■ **Stored data**:

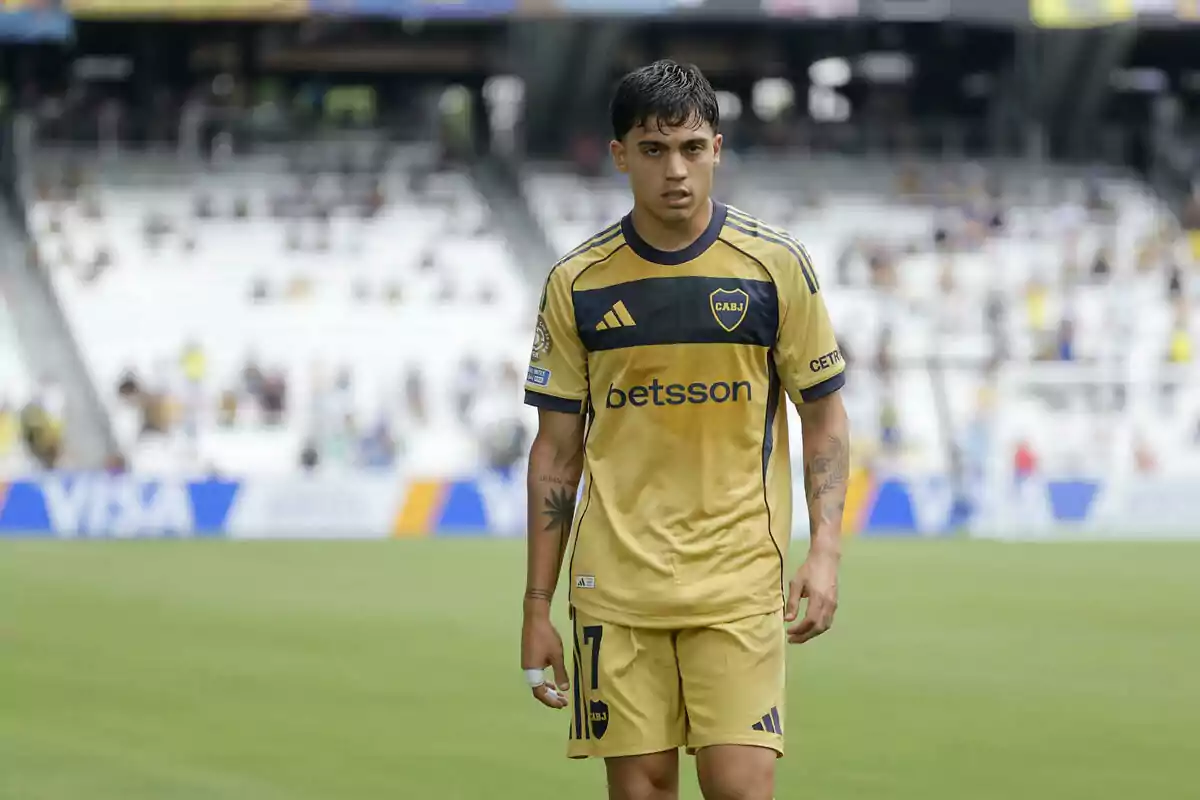 Soccer player wearing Boca Juniors’ gold uniform on the field during a match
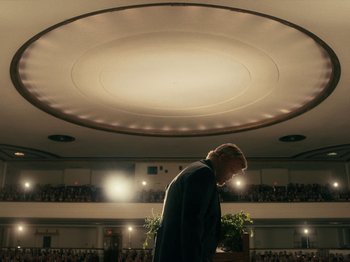 Movie still from “I'm Thinking of Ending Things” (2020), directed by Charlie Kaufman – A man standing in front of an audience in front of a stage; Wide shot, Low angle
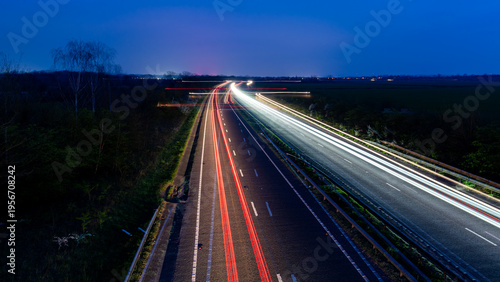 Foto Long exposure highway light trails at dusk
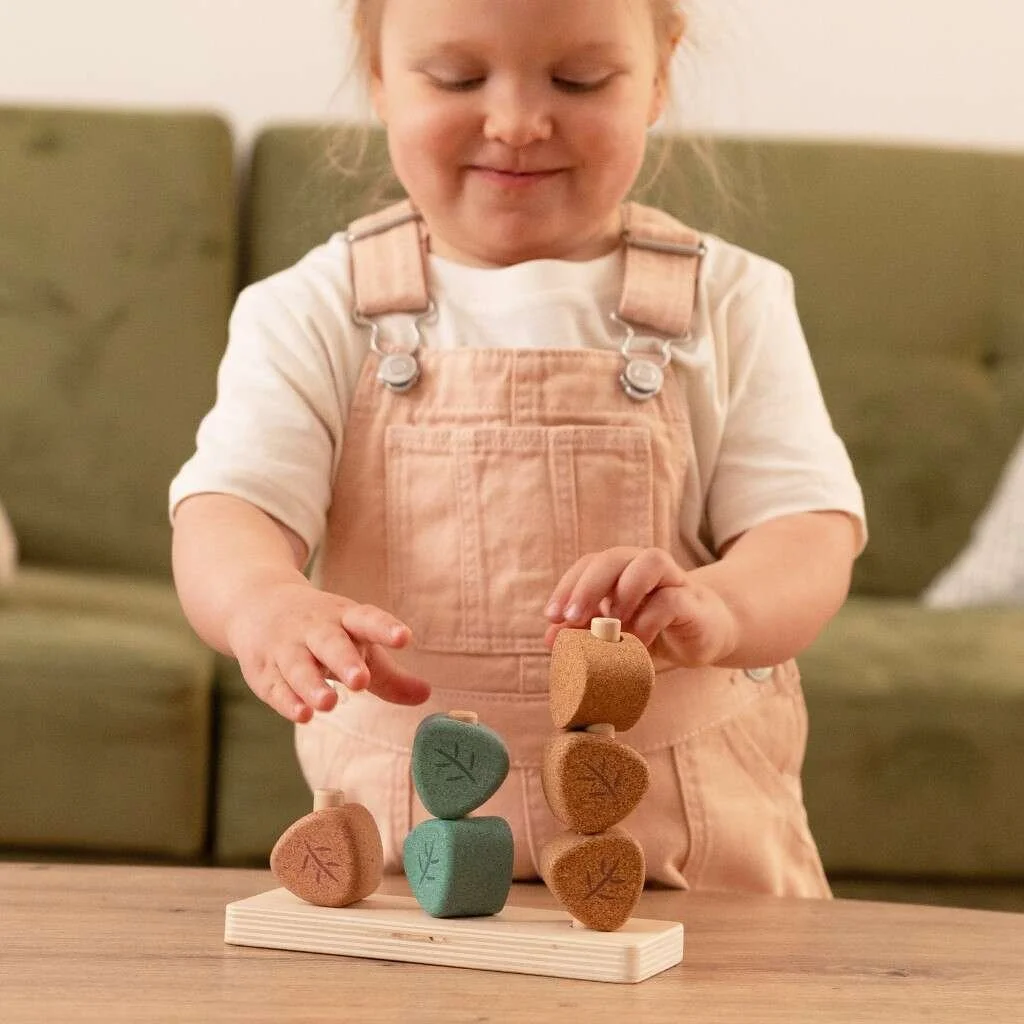 A little girl in a pink jumpsuit stacking cork blocks with leaf carvings on a wooden table. By Korko.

■ **What is required**: Repeat the listing in full and exactly. Leave any pictures out.

■ **Task response**:
 Soccer player wearing Boca Juniors’ gold uniform on the field during a match
 Movie still from “I'm Thinking of Ending Things” (2020), directed by Charlie Kaufman – A man standing in front of an audience in front of a stage; Wide shot, Low angle
 Foto Long exposure highway light trails at dusk
 A little girl in a pink jumpsuit stacking cork blocks with leaf carvings on a wooden table. By Korko.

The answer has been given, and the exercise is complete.